If you dig pumpkin pie, you'll love this little nutrient-dense, antioxidant-rich, protein-packed treat! It's funny, but whenever someone sees this little concoction that I make, they say that it looks disgusting, but when they try it, they always love it. I know it's a little "out there", but give it a shot... it tastes like pumpkin pie filling, but tastier, and better for you!two 15-oz cans of pure 100% pumpkin pack
one 15-oz container of ricotta cheese (grass-fed if you can find it)
one 32-oz container of vanilla yogurt
one scoop (about 25 grams) of vanilla protein powder with no artificial sweeteners
3/4 cup raisins or currants
3/4 cup chopped walnuts or pecans
1/4 cup chia seed and/or hemp seed
1/4 cup rice bran
cinnamon to season to taste (1/2 to 1 tsp works well)

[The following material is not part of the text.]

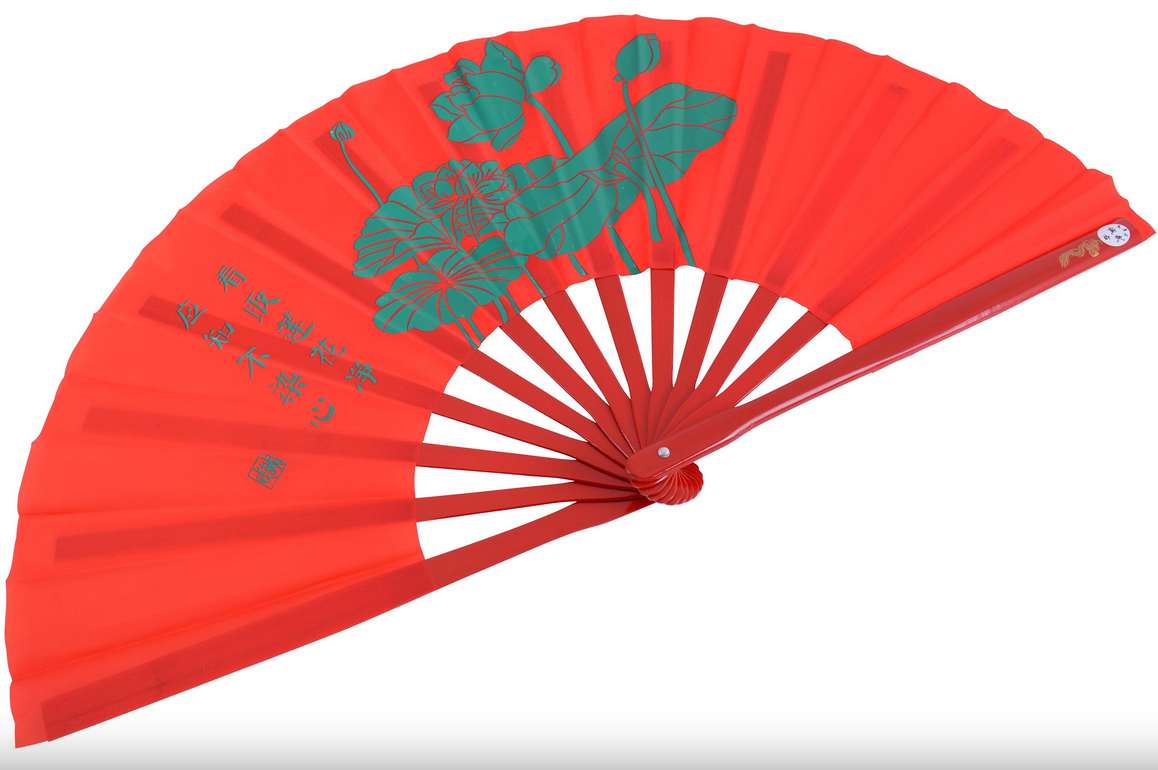 Vějíř Tai Chi (Tai Ji Shan) - Lotus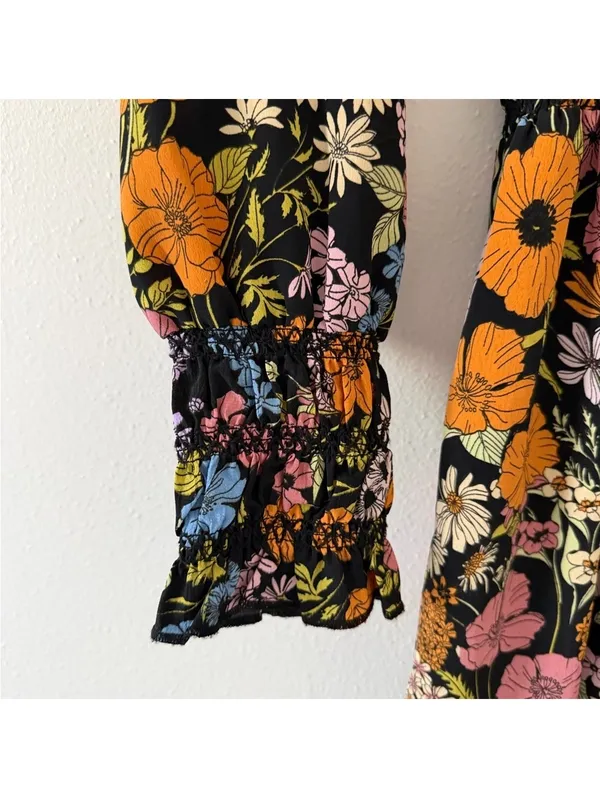 WAYF by Anthropologie Romantic Boho Whimsigoth Long Sleeve Mini Dress size small - Image 11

a little stevia (natural non-caloric sweetener) -- only if it needs a little more sweetness for your taste
This recipe makes 5-6 servings (I like to split into 5-6 containers to have a quick healthy mid-meal each day):
Mix everything together in a huge bowl and split into 5-6 containers (approx 16 oz containers work well), and you've got a quick healthy meal for each weekday. Adjust the quantities of the ingredients if you want less calories or more calories per meal.
Approx. macronutrient breakdown per serving:
30 g. prot; 50 g. carbs; 10 g. fiber; 18 g. fat; 450 cals
This would be a pretty full meal for smaller females, so adjust the quantities a little bit lower. For bigger guys, this meal size should be fairly satisfying.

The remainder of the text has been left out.